Uno es un fervoroso lector de Baroja. Termino ayer su novela El árbol de la ciencia, con una cierta decepción, tal vez la primera con don Pío, después de la trilogía vasca, de las Memorias, de la serie el Mar, tan extraordinaria, de las maravillosas Memorias de un hombre de acción, etc.
La novela no acaba de ser buena, redonda, ni siquiera creíble, y se ha quedado muy acartonada, encajada entre las diversas tesis que maneja, convertida más en esperpento que en novela. Viene a ser una escritura paródica, que sólo se salva por la descripción de tipos, la agilidad narrativa cuando escapa a los momentos de tesis, la descripción de paisajes y ambientes, en la que la mano de Baroja es la de siempre.
No es que lo que cuenta no sea verosímil, es la forma en que sucede, en que se cuenta, lo que falla, lo que no se acaba de creer y eso precisamente tratándose de Baroja es lo extraordinario, que falle la narración. Aunque está lleno de aciertos, y las cien primeras páginas son extraordinarias, se anquilosa rápidamente y acaba en una decepción. Ni siquiera el tratamiento que se da al hombres desesperado redimido por el amor, resulta convincente, pues desde que el amor aparece sabe el lector que le espera, para encajar con la tesis tremendista el más feroz de los batacazos.
Arranca de forma espléndida con la descripción de la vida de Andrés Hurtado y el peregrinaje constante de personajes que van desfilando por delante del lector, página a página, algunos verdaderamente extraordinarios como Lulú. Mucho más esquemáticos y arquetípicos los demás, como colocados al servicio de la tesis, de la discusión teórica entre tío y sobrino con que la novela se partirá hacia la mitad. Se parte, se frena y se enfría. Tal vez lo que más molesta es la constante presencia del narrador manejando los acontecimientos al servicio de lo que quiere demostrar, careciendo los personajes de autonomía alguna. Todo es demasiado unilateral, esquemático, ajustado a lo que se persigue: la demostración de la negrura y absurdez, crueldad y sinsentido de la vida.

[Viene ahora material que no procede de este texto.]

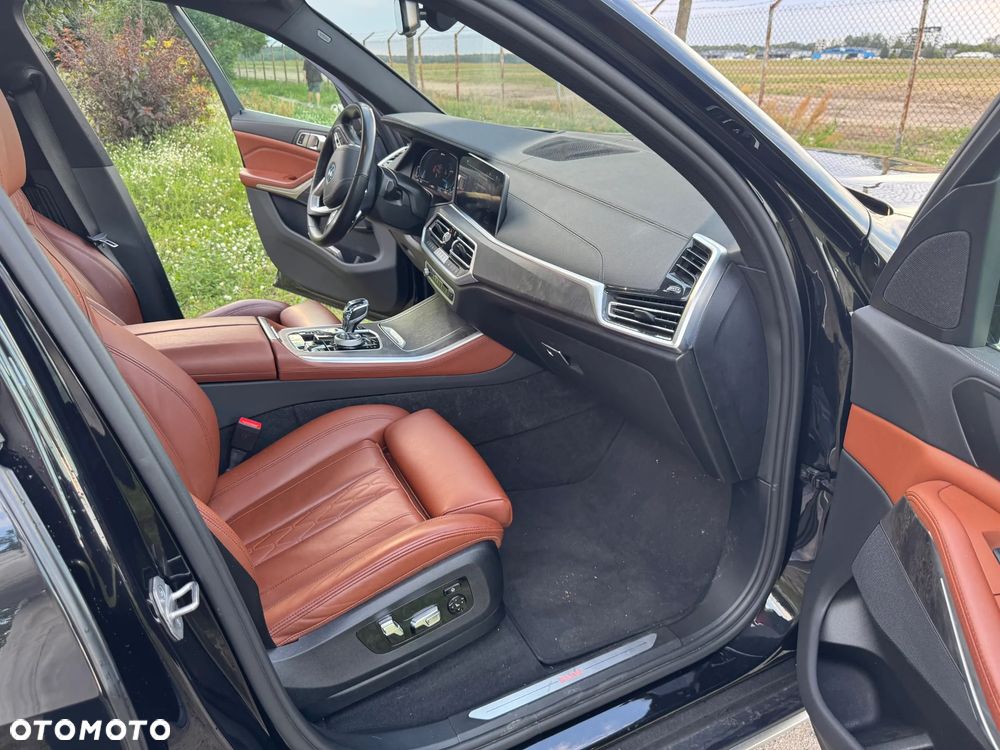 BMW X5 xDrive45e - 13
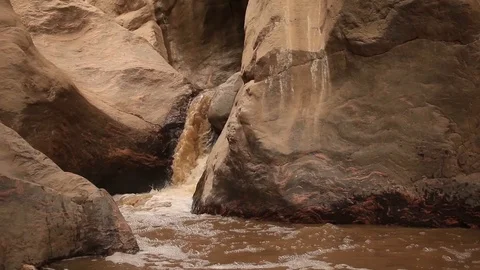 River grown with water between rocks, Valle, Tucuman, Amaicha, Argentina 스톡 동영상 123799466
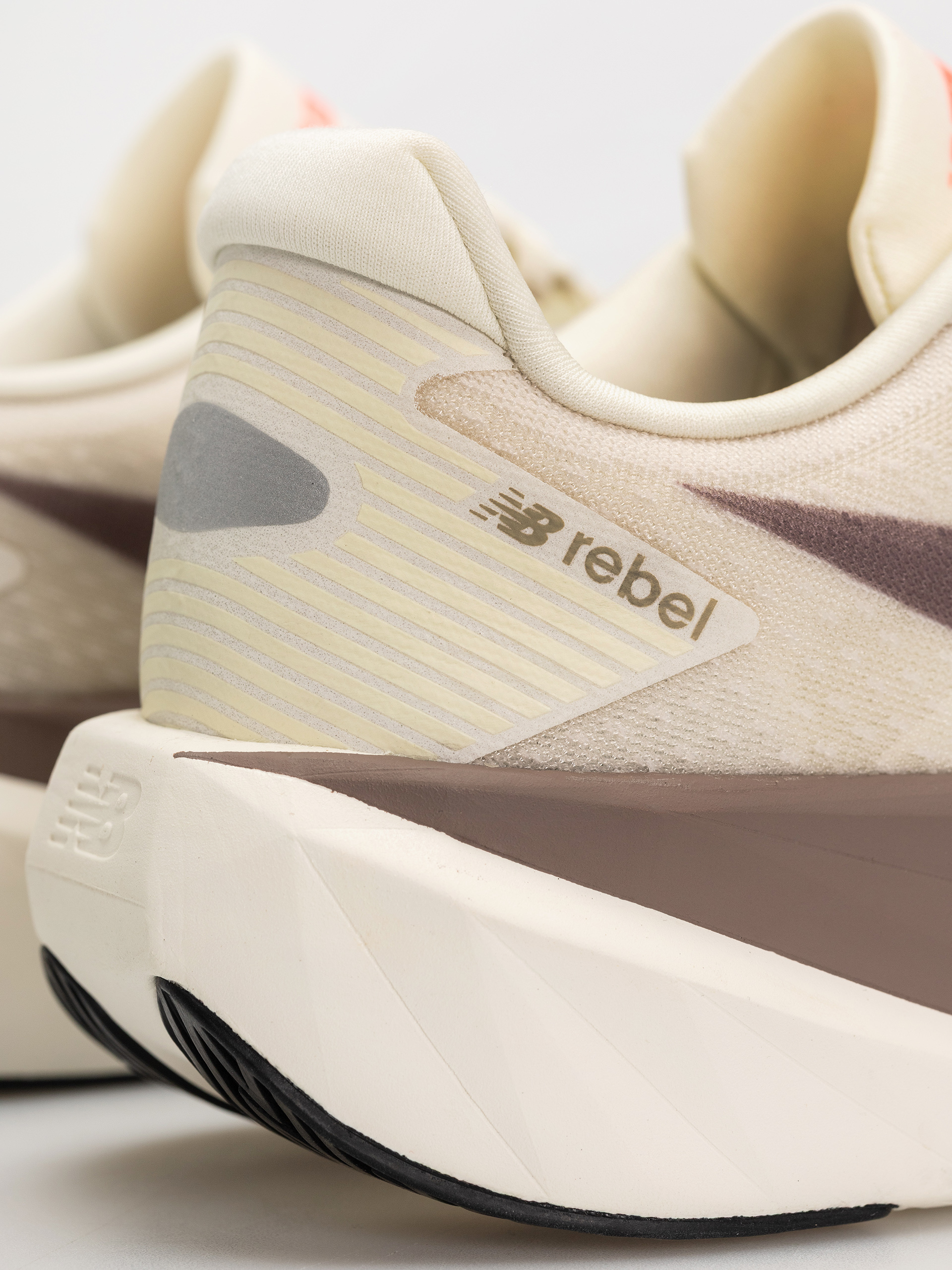 Topánky New Balance Fuelcell Rebel V5 (angora)
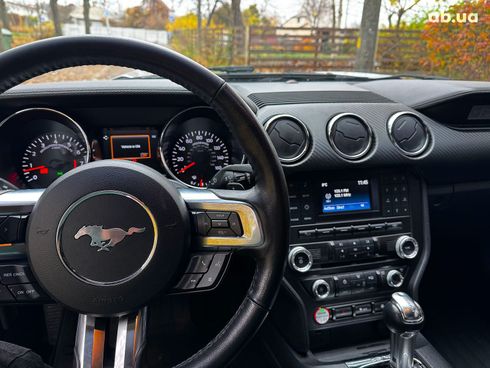 Ford Mustang 2017 серый - фото 22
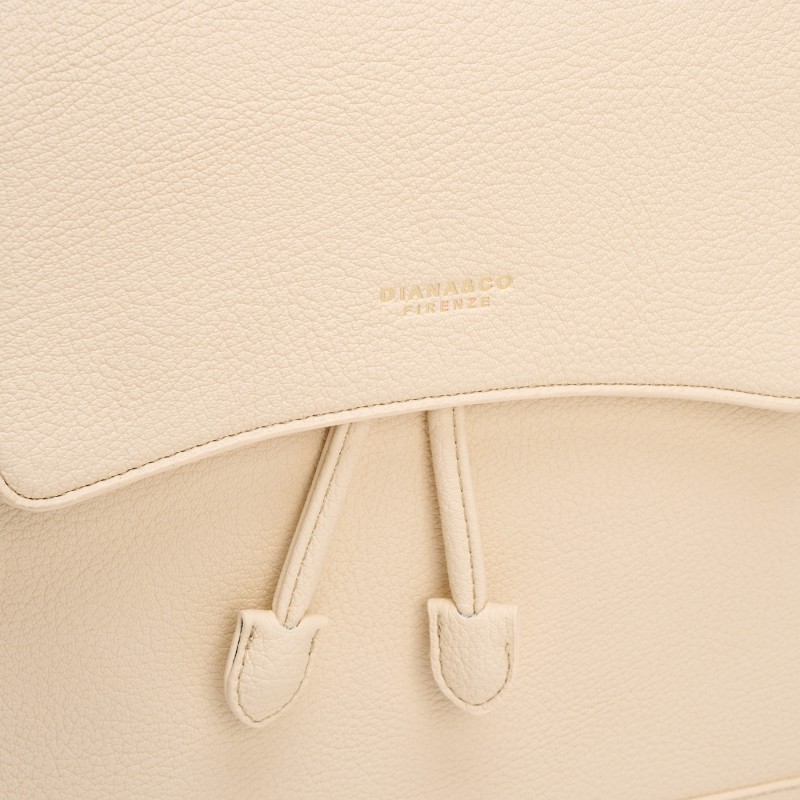 Rucsac Crem Cu Snur Si Cusaturi Rucsac Crem Cu Snur Si Cusaturi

Otro inconveniente enorme es la proyección de esa misma tesis (la negrura y absurdez de la vida) sobre España, de una manera muy noventayochista (como es lógico por otra parte, pero aquí con tan poca sutilidad que molesta verdaderamente mucho). El protagonista vive sumido en la depresión, consciente de la inutilidad de todo esfuerzo, deseando la revolución y esto se desarrolla a su vez en otro pozo negro que es la propia España dónde nada sirve, nada hay, todo es inútil. La narración está al servicio de la demostración y el sostenimiento de semejante tesis, de una forma pertinaz, constante, tan arbitraria, tan sesgada, que se torna burda, tosca.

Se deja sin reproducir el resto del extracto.